Once again, upland bird hunters will find a mixed bag this fall.
While spring weather was favorable across much of southern Idaho, persistent summer drought may have impacted brood survival in some areas. Most of northern Idaho, on the other hand, experienced another cool and wet spring, which may have affected nesting success. However, early reports from hunters suggest this fall will be promising for wingshooters.
For the 2013 upland game bird outlook by species and region, view the following links:
Clearwater Region - pheasant, chukar, gray partridge, California quail, mourning dove, ruffed grouose, blue grouse [PDF, 64 KB]
Southwest Region - pheasant, greater sage-grouse, chukar, gray partridge, California quail, mourning dove, ruffed grouse, blue grouse, spruce grouse [PDF, 54 KB]
Magic Valley Region - pheasant, Columbian sharp-tailed grouse, chukar, gray partridge, California quail, forest grouse (dusky, ruffed) [PDF, 77 KB]
While weather certainly impacts game bird populations on a yearly basis, the quantity and quality of nesting habitat is critical to maintaining Idaho’s game bird populations for the long-term.
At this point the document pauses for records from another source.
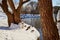 Lake in the Park with ducks and a tree trunk in the foreground on a sunny spring day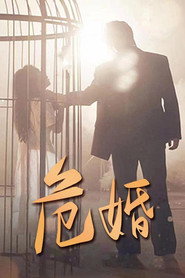 危婚 封面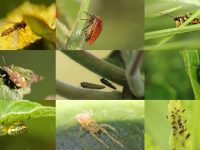 Insectos y artrópodos en Bogotá: Fotos SER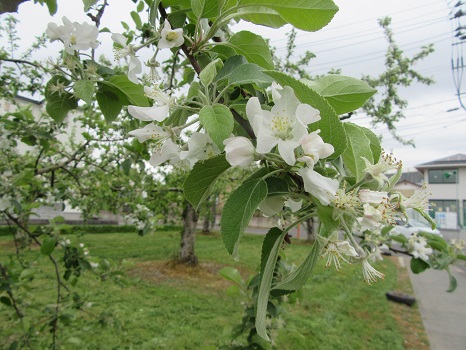 林檎の花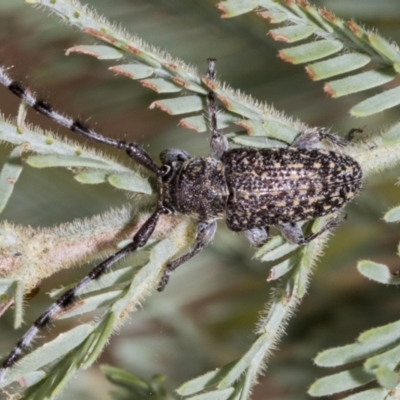 Ancita sp. (genus) (Longicorn or longhorn beetle) at The Pinnacle - 24 Feb 2023 by AlisonMilton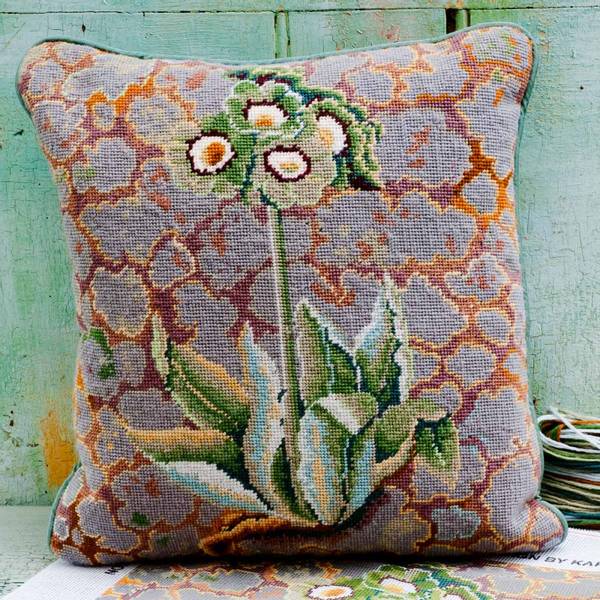 Lichen Auriculas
Game birds require adequate undisturbed nesting cover to successfully hatch a nest and then abundant broadleaf plants and insect populations to successfully raise chicks to adult size.
Overall populations can change significantly from one year to the next. This phenomenon is tied to their basic biology. Game birds are very productive and short lived, with the largest portion of the population at any given time consisting of young birds of the year. When weather and nesting conditions are favorable, populations are able to respond and increase rapidly. On the other hand, when conditions are not favorable, dramatic population declines can result.
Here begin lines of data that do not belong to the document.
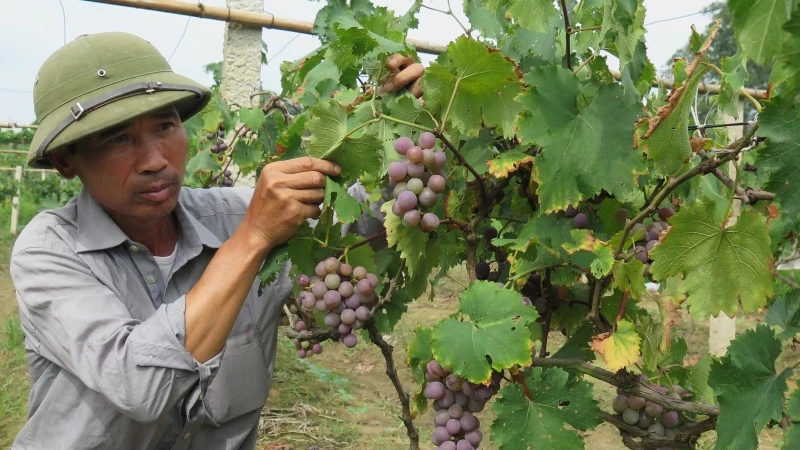 Người dân thôn Nà Chuông, Mai Pha (thành phố Lạng Sơn) ứng dụng khoa học kỹ thuật chăm sóc cây nho Tảo hồng cho năng suất cao.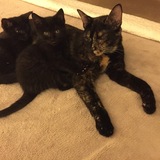 Entry image for Ellie, Rosie, Sophie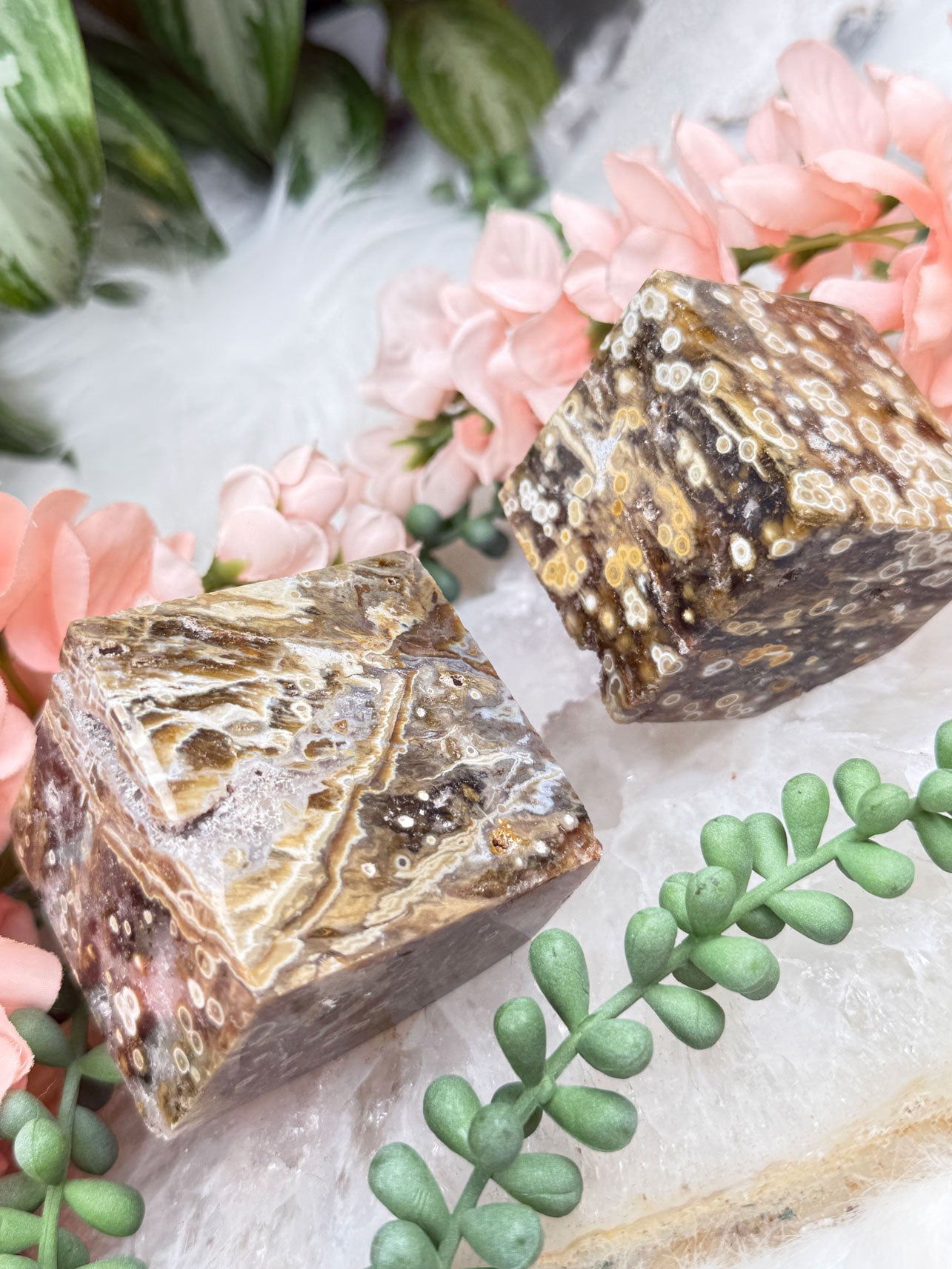 orbicular-ocean-jasper-angle-cubes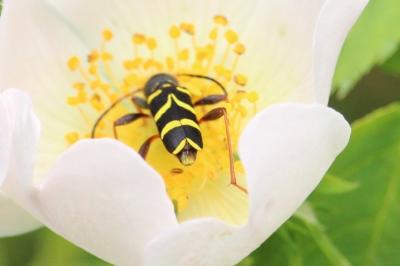 <i>Clytus arietis</i>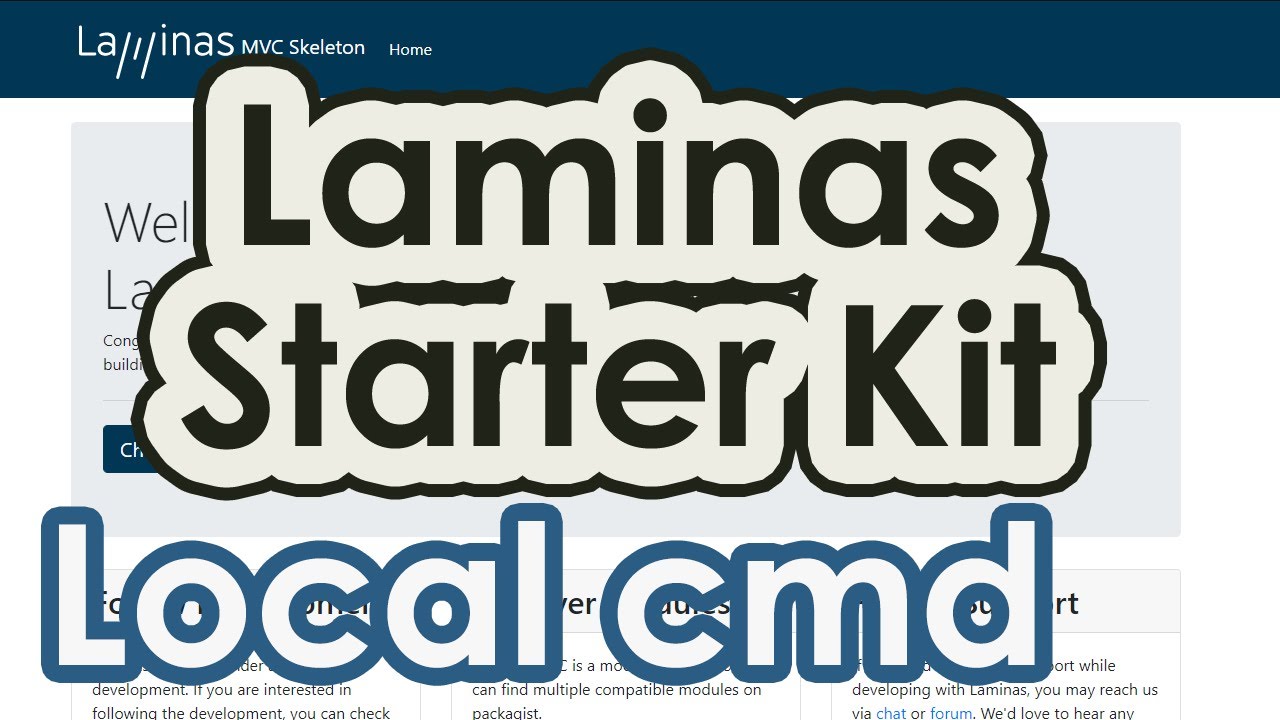 Setup local commands from Laminas Starter Kit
Because both weather and habitat conditions are critical to the abundance and survival of game birds, hunting success will vary widely.
Fish and Game monitors upland game bird populations across the state by conducting brood route surveys each August. Beginning at sunrise, department biologists drive slowly along designated, 20-mile routes and count the number of birds they observe. Each brood route is surveyed three times during the month using standardized methods when weather conditions are optimal for observing game birds.
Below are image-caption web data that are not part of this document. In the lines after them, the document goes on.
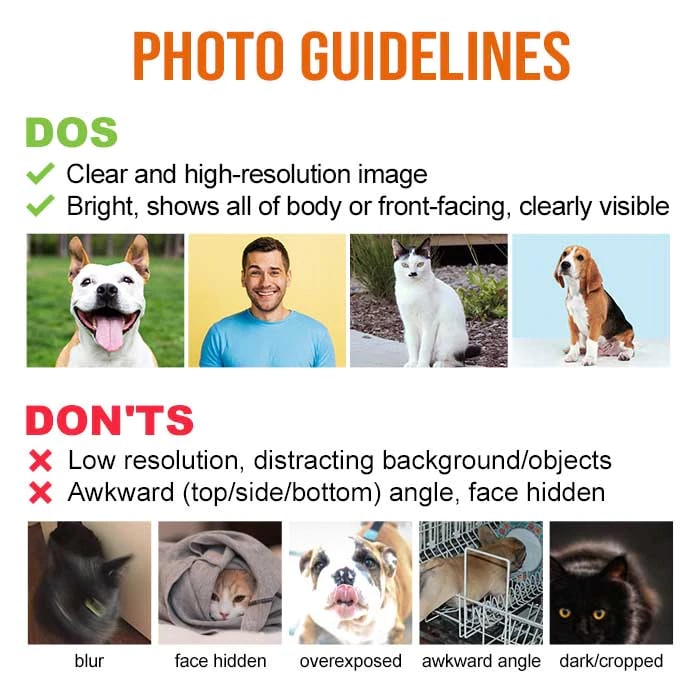 You Would Have Lived Forever - Personalized Horizontal Poster - Upload Image, Gift For Pet Lovers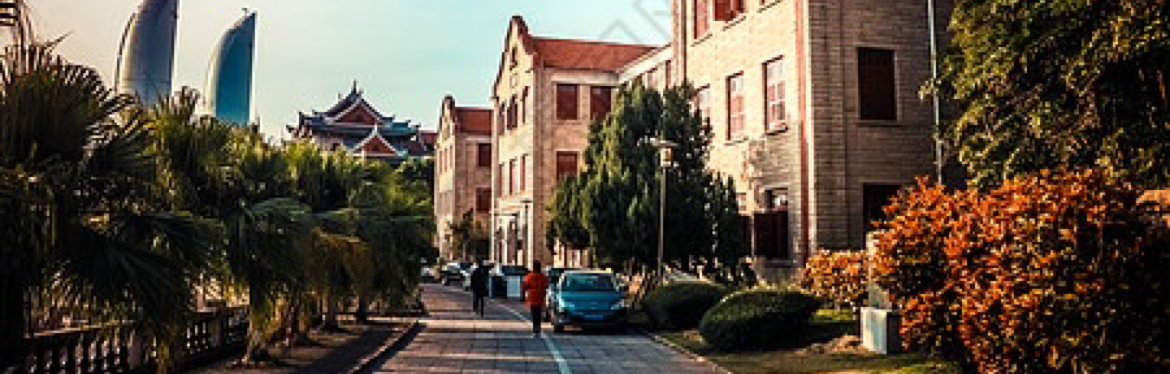 汇市小伟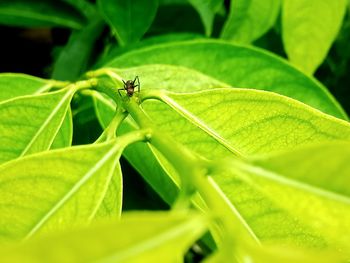 Close-up of insect on leaf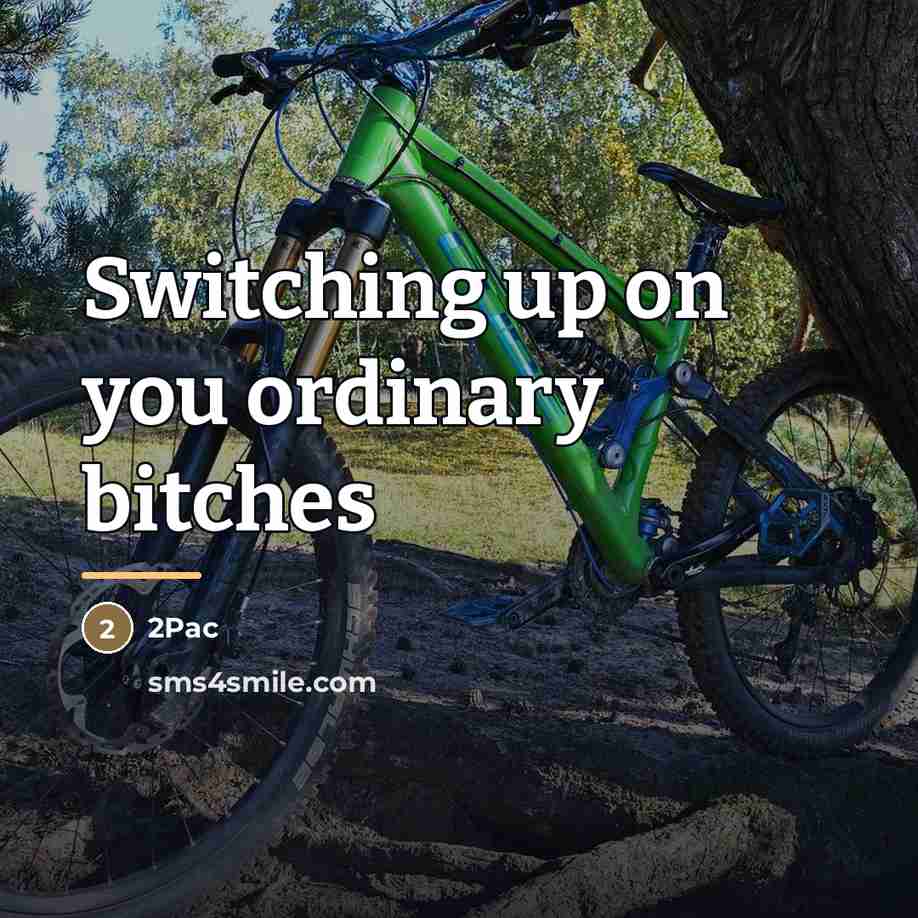 “Switching up on you ordinary bitches…” quote by 2Pac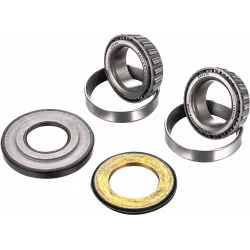 Steering Stem Bearing Kit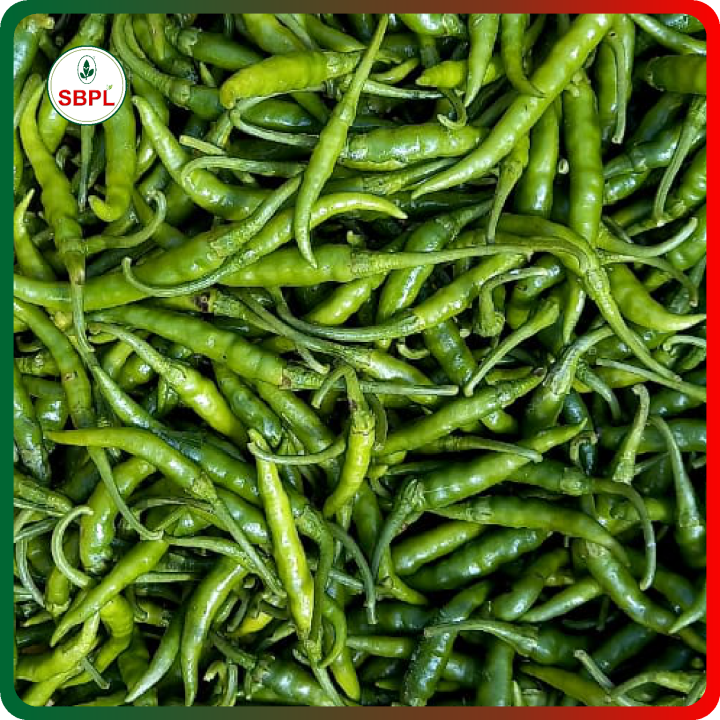 Sagar Gomati Chilli (Mirchi) Seeds – thumb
Results of these surveys are then compared with results from the previous year and the previous 10-year average, which generally offers a fairly reliable indicator of the actual game bird population. It is important to note that our outlook reflects the best available information on the relative abundance of upland game birds among the regions of Idaho and cannot be used to predict hunting conditions or local population densities at any single location within the state.